- Capitolo 2 -
Wynter's POV
Una voce metallica mi rombò nell'orecchio -Fermata Seattle, Stazione Centrale. Capolinea. Siete pregati di abbandonare le carrozze-.
Mi svegliai di soprassalto e mi stiracchiai. Accidenti, i viaggi in seconda classe erano infernali: c'erano troppe persone e compresse in troppo poco spazio.
Presi il borsone spiaccicato sotto al mio sedile e scesi dal treno. Diedi una sbirciatina all'orologio per avere un'idea di che ora fosse. 5.12. Era prestissimo.
Mi fermai al McCafè e presi un iced coffè e un brownie. La stazione era silenziosa. L'equilibrio solenne del silenzio era rotto solo, di tanto in tanto, dal fischio di un treno in partenza.
Sgranocchiai lentamente il brownie secco e stantio che avevo pagato e controllai quanti soldi avevo nel portafoglio. 324$. Forse era abbastanza per sopravvivere lontano da casa.
Non avevo la più pallida idea di come avrei fatto a sopravvivere negli Stati Uniti; speravo solo che il mio spiccato accento canadese non si notasse più di tanto. Avrei potuto cercare un lavoro ad un bar o in una pizzeria ma sarebbe stato troppo pericoloso. Mi avrebbero potuto riconoscere e, una volta capito dove mi trovavo, mi avrebbero ucciso in poche ore. No. Dovevo continuare a muovermi fino a quando non si sarebbero calmate le acque. Non volevo morire. Ero troppo giovane e intelligente per morire, volevo lasciare traccia di me nel mondo: andare al ballo di fine anno e diventare reginetta, uscire con Daniel Toother e andare in vacanza con i miei amici, volevo obbligare Brooklyn ad indossare dei tacchi e a mettere l'eye-liner, avrei voluto finire di guardare l'ultima stagione della mia serie TV preferita.
Presi il mio borsone stracolmo di oggetti e uscii dalla stazione di Seattle.
Le prime luci del mattino rischiaravano la piazza con riflessi argentei. Attraversai la strada e mi lanciai su una panchina del parchetto di fronte.
L'aria fresca mi scompigliava i capelli neri e mi sollevava la t-shirt. Due ragazze ubriache camminavano sul marciapiede, probabilmente verso casa loro.
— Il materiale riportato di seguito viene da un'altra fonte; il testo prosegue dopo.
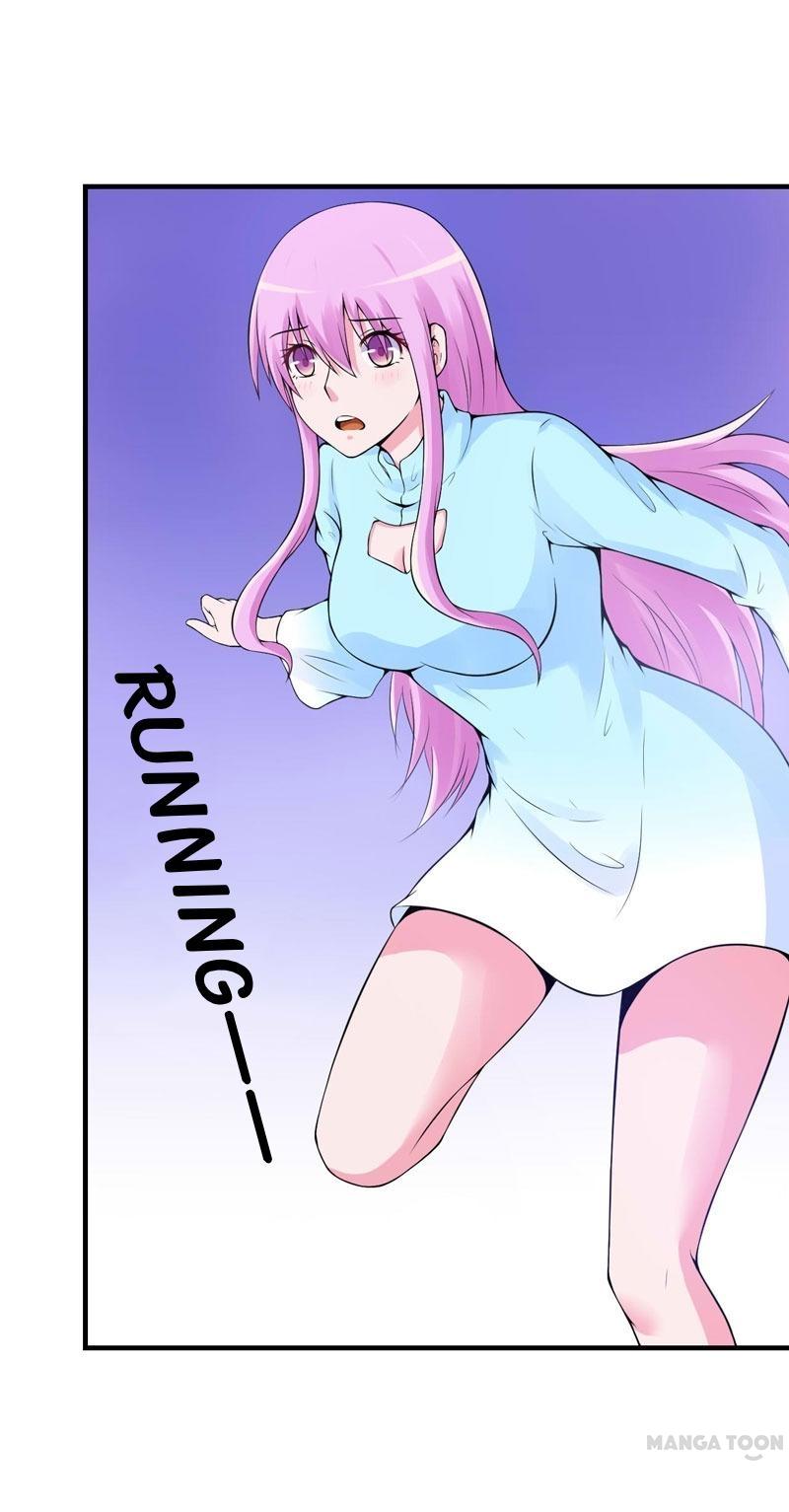 Page 3 of Chapter 53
Presi la mappa che avevo stampato la sera prima a casa e la fissai con attenzione: dovevo arrivare in Jackson Street. Se ero a Seattle, qualsiasi fosse la ragione, dovevo vedere lo Space Needle dal vivo. Semplicemente dovevo.
Camminai fino a Jackson Street armata solo di un foglio di carta stampato su Google Maps poche ore prima. Spesso mi stupivo della mia organizzazione; sarei potuta essere sull'orlo di un precipizio e avrei comunque avuto la dedizione di passare un filo di burrocacao sulle mie labbra secche.
Quando arrivai, impegnai pochi minuti a trovare la fermata dell'autobus che mi occorreva prendere e il rivenditore autorizzato di biglietti.
La signora alla cassa era grassa come un lottatore di sumo e aveva decisamente poca voglia di vivere.
-Potrei avere un biglietto per l'autobus?-
Lei mi fissò disgustata -Quanti anni hai?-
-Sedici-
Digitò qualcosa sul registratore di cassa e brontolò -1.50$. La linea 2 parte tra due minuti-.
Pagai e la ringraziai con un sorriso falso almeno quanto il suo; poi tornai alla fermata dell'autobus.
Gli autobus di Seattle erano tutti nuovi e fiammanti, così puliti che per una frazione di secondo mi tornò in mente il Canada: i parchi sempre perfettamente potati, i marciapiedi brillanti di pulizia, gli edifici verniciati di fresco tutte le estati. Chissà quando sarei riuscita a tornare a casa mia. Chissà quando avrei capito che cosa stavo facendo.